*WORK INSTRUCTION*. Any picture in the data below gets skipped; print all the rest exactly.

*DATA PROVIDED*.
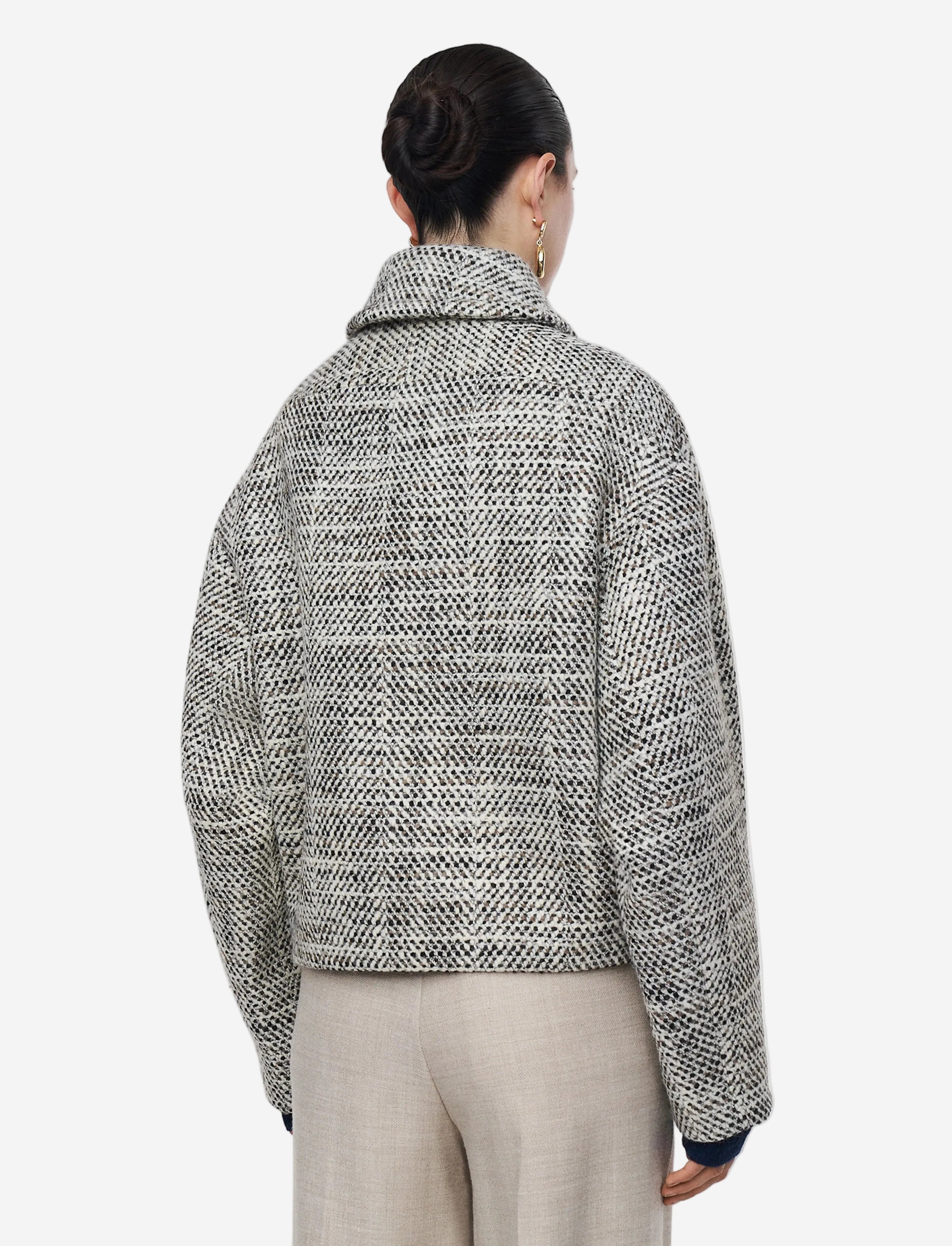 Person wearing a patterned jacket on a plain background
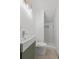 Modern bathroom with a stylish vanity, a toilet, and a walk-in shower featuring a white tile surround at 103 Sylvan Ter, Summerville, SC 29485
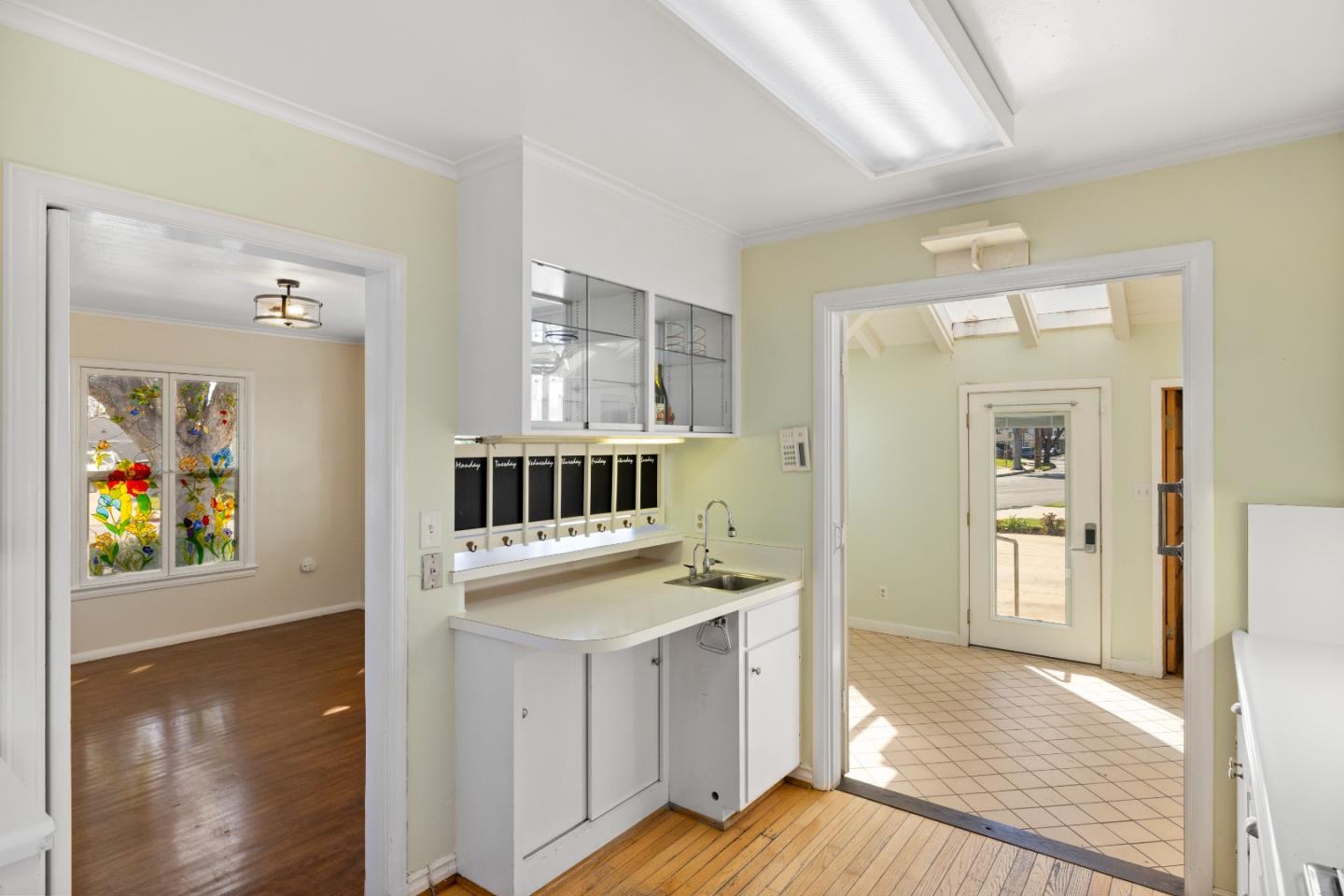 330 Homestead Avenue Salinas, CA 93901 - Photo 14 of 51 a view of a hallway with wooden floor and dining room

*FINISHED TASK*.
 Person wearing a patterned jacket on a plain background
 Modern bathroom with a stylish vanity, a toilet, and a walk-in shower featuring a white tile surround at 103 Sylvan Ter, Summerville, SC 29485
 330 Homestead Avenue Salinas, CA 93901 - Photo 14 of 51 a view of a hallway with wooden floor and dining room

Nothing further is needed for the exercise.